**What is required:**
Word for word, write the lines below out again, with no pictures.

**Provided data:**
■ ■ ■ ■

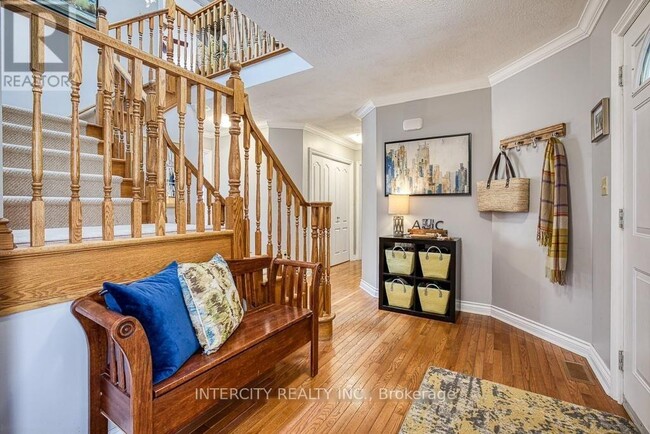 Photo du bâtiment - 132 John Davies Dr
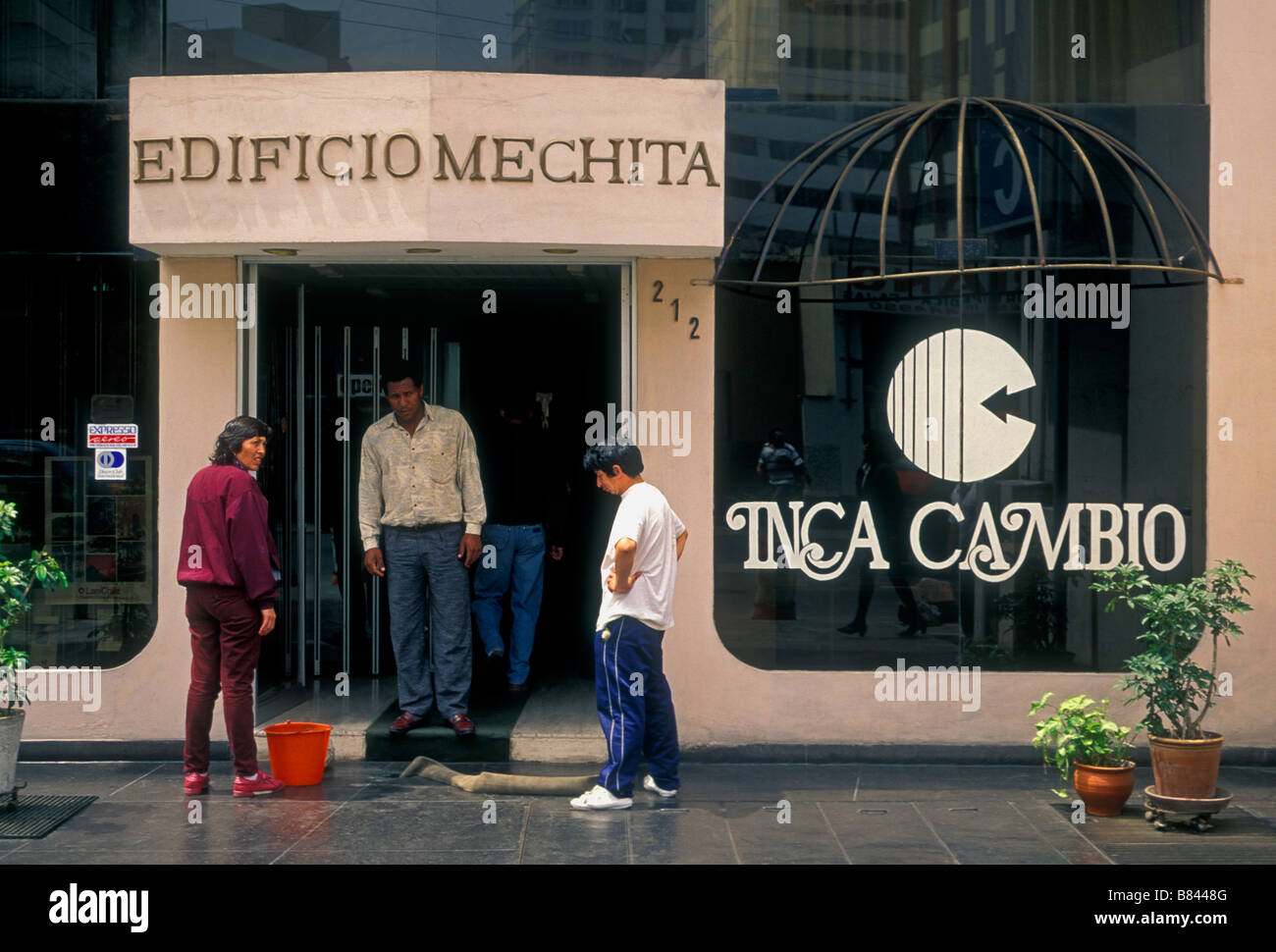 Janitor hispanic hires stock photography and images Alamy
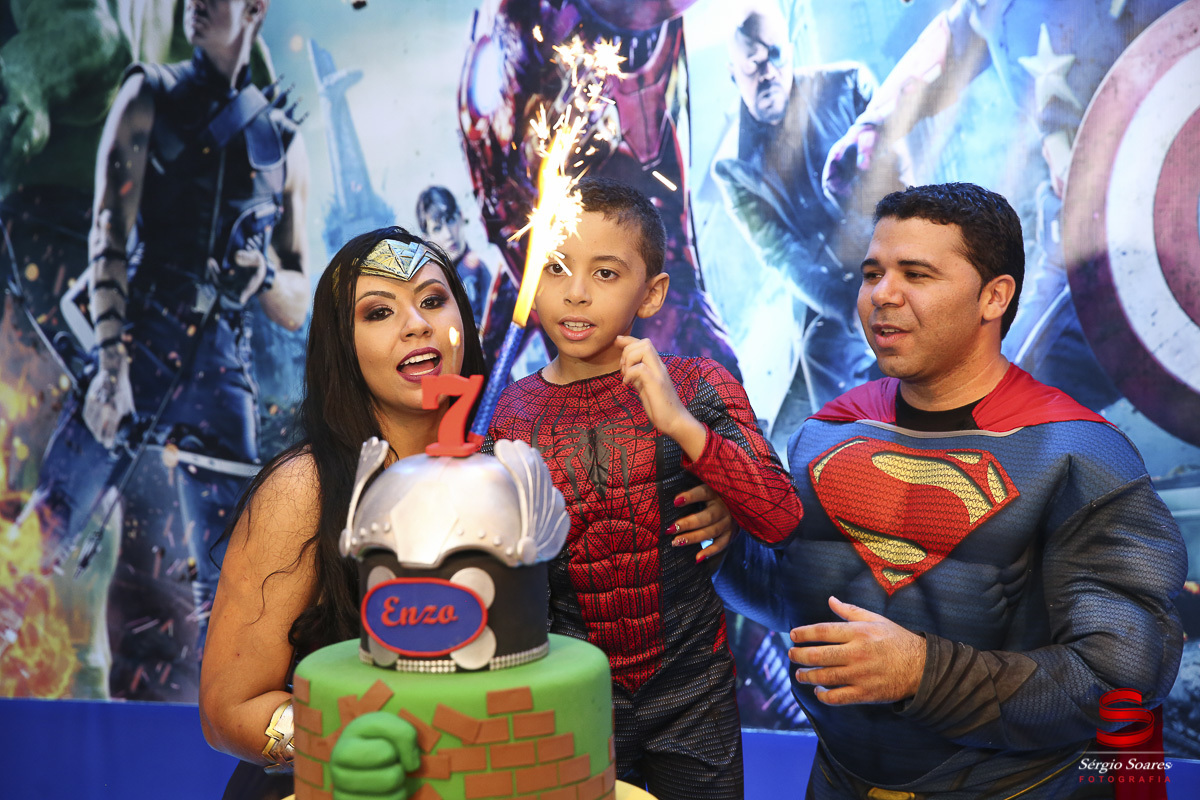 fotografia-fotografo-fotos-cuiaba-mt-sergio-soares-aniversario-marvel-dc-liga-da-justica-batman-homem-aranha-super-homem-flash-vingadores-aniversario-enzo-alpha-kids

■ ■ ■ ■

**Output of the exercise:**
 Photo du bâtiment - 132 John Davies Dr
 Janitor hispanic hires stock photography and images Alamy
 fotografia-fotografo-fotos-cuiaba-mt-sergio-soares-aniversario-marvel-dc-liga-da-justica-batman-homem-aranha-super-homem-flash-vingadores-aniversario-enzo-alpha-kids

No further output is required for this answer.